┌──

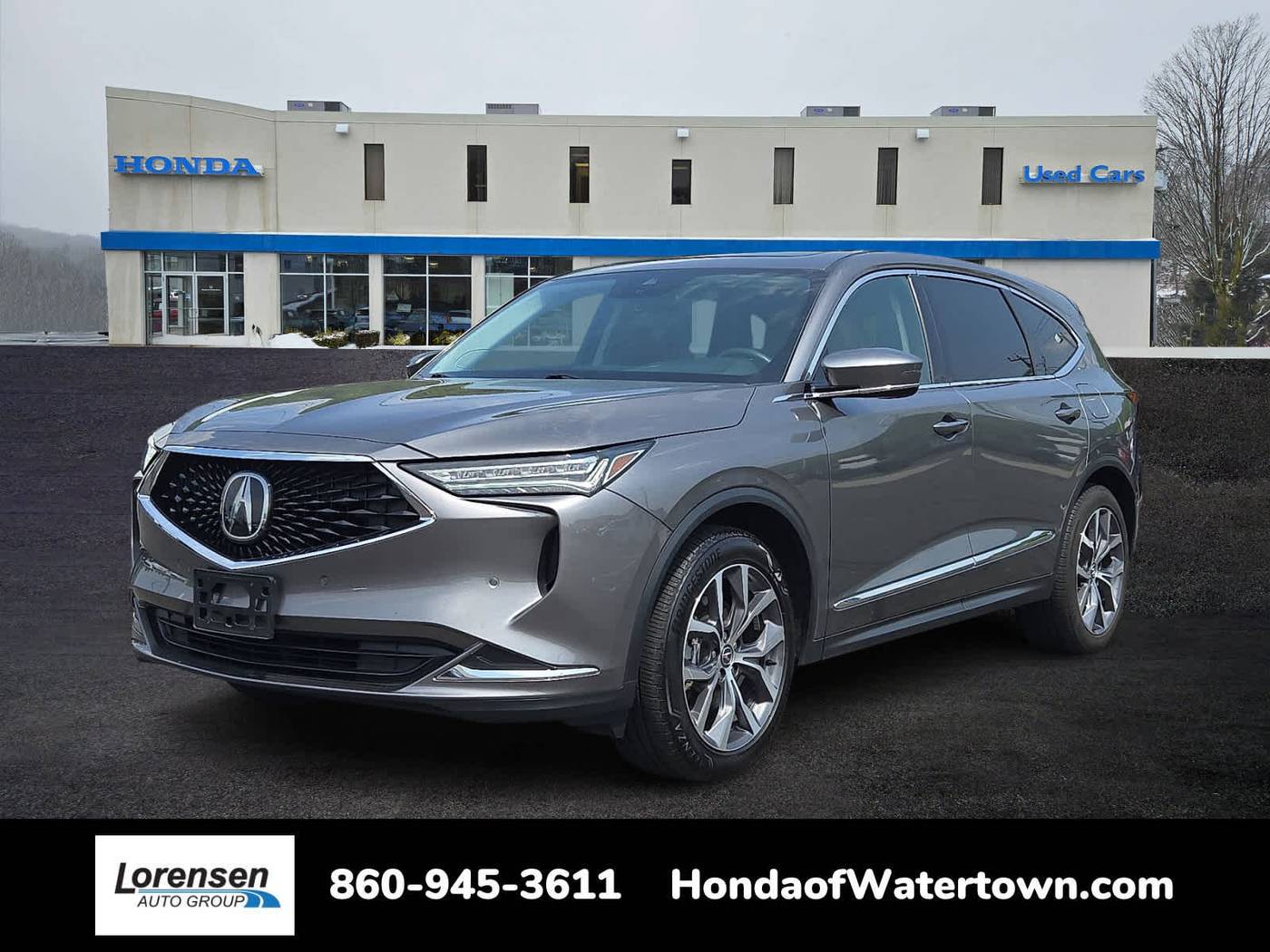 2024 Acura MDX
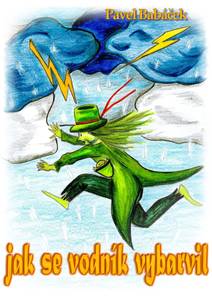 Obálka Jak se vodník vybarvil
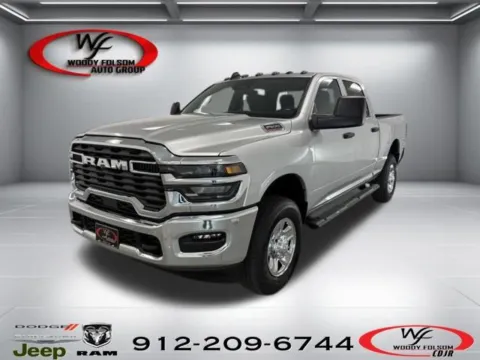 Silver 2026 Ram 2500 Tradesman for sale in Baxley, GA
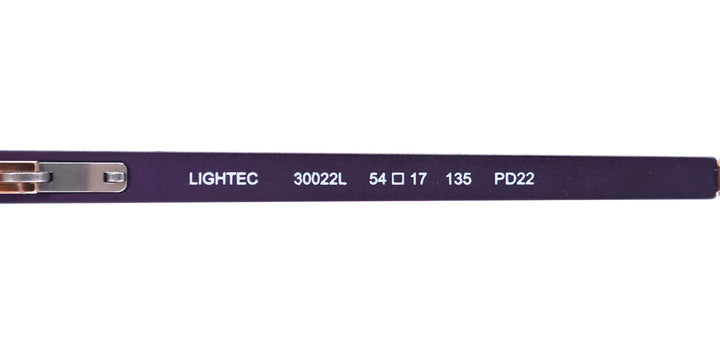 Morel Lightec 30022l Eyeglasses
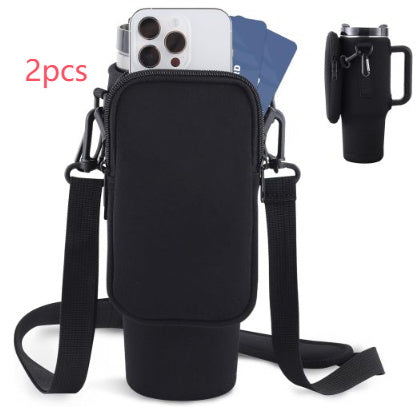 Portable Outdoor Sports Bottle Cup Cover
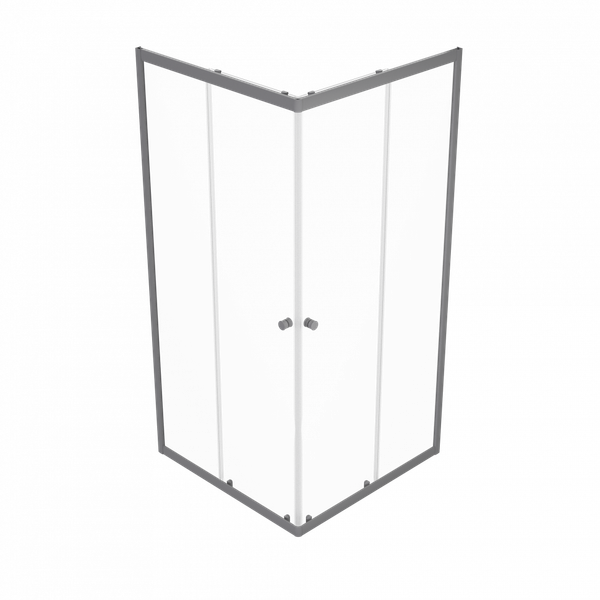 Душевой уголок Triton Вента 90x90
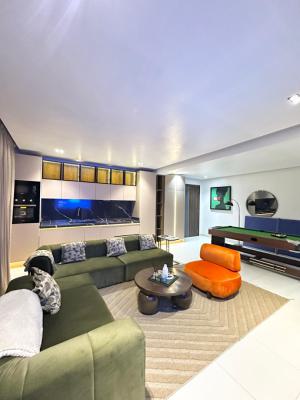 Luxury Cozy 2 Bedroom Apartments, Ikate, Lekki, Lagos, Flat / Apartment Short Let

└──

→ Directions for this task
Exactly the lines from the one with "Silver 2026 Ram" to the last line of the listing are wanted, both ends included and pictures excluded.

→ Written answer
 Silver 2026 Ram 2500 Tradesman for sale in Baxley, GA
 Morel Lightec 30022l Eyeglasses
 Portable Outdoor Sports Bottle Cup Cover
 Душевой уголок Triton Вента 90x90
 Luxury Cozy 2 Bedroom Apartments, Ikate, Lekki, Lagos, Flat / Apartment Short Let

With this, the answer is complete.